If your kids never got along while you are alive, what makes you think they will get along when your gone? The old maxim “The best predictor of future behavior is past behavior” should be closely considered by parents who want to maximize the likelihood of a conflict-free transfer of family assets to their children. The risk of future legal conflicts between sibling trust beneficiaries can be managed in estate planning.
Every long-term relationship, especially among siblings, will have a certain degree of conflict. Whose children never squabble and have arguments? It is a matter of degree, and for some brothers and sisters, it needs to be considered in estate planning. Between some siblings there is a seemingly incurable friction from an early age. These strained sibling relationships may persist into adulthood. Some brothers and sisters, when growing up, could hardly be left in the same room without a fight erupting. If these are your children, it’s a fair bet that there will be fights when your gone. You may have great kids, but they have been conditioned by the past. Plan your estate for sibling conflict avoidance.

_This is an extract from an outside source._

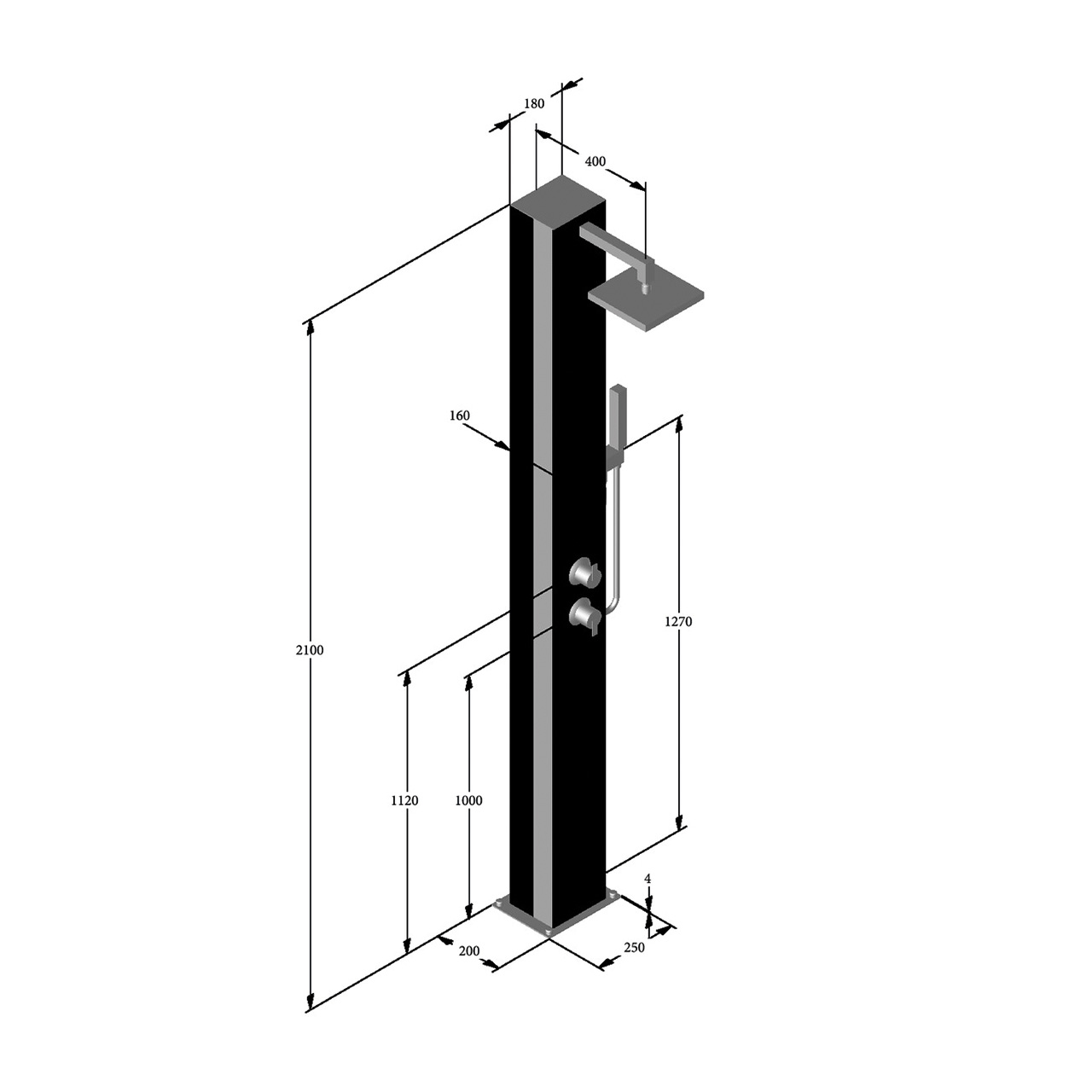 Garten Solardusche Kuba Schwarz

If you are worried about a painful and expensive conflict erupting between your children, you can draft an estate plan, or modify and existing plan, in a way that minimizes the odds of a dispute over the family estate. Here are some tips worth considering:
- Avoid Unequal Distributions – Parents make unequal distributions to their children for a variety of reasons. It’s not uncommon for a parent to give a boot to the child who has not been as successful because of any number of reasons. This can cause a deep resentment in the children who feel they worked harder and achieved more. Also, some parents want to reward the “good” child who came to visit. This can motivate other siblings to challenge the disposition. Remember when the children unwrapped presents at Christmas. There is less to argue about when everyone gets the same value.
- The Risk of Sibling Caregivers – Commonly one child lives at home with the last surviving parent and provides care. Often, they have power of attorney over the parent’s finances. The compensation received by the caregiver must be carefully gauged in light of state law, particularly the law of fiduciaries. Gifts to the son or daughter caring for aged parent are presumed invalid in many states and may spawn a family dispute. Compensation given to caregiver sibling should be carefully gauged, reasonable, meticulously documented, and authorized by the trust agreement. It is also wise to disclose it to other siblings, so it does not come as a surprise and agitate other siblings after the parent’s passing.
- The Co-trustees Mistake – Don’t make the mistake of believing the sharing of power over the administration of the trust will help avoid conflict. The opposite is usually the case. When you choose who will be the successor trustee of the trust choose the person who is most capable of getting the job done according to the terms of the trust agreement. Successor trustees don’t have to be your children. In fact, in families with kids prone to fighting, it may be better to designate a trustee who is not a child if they are willing and able to do the job.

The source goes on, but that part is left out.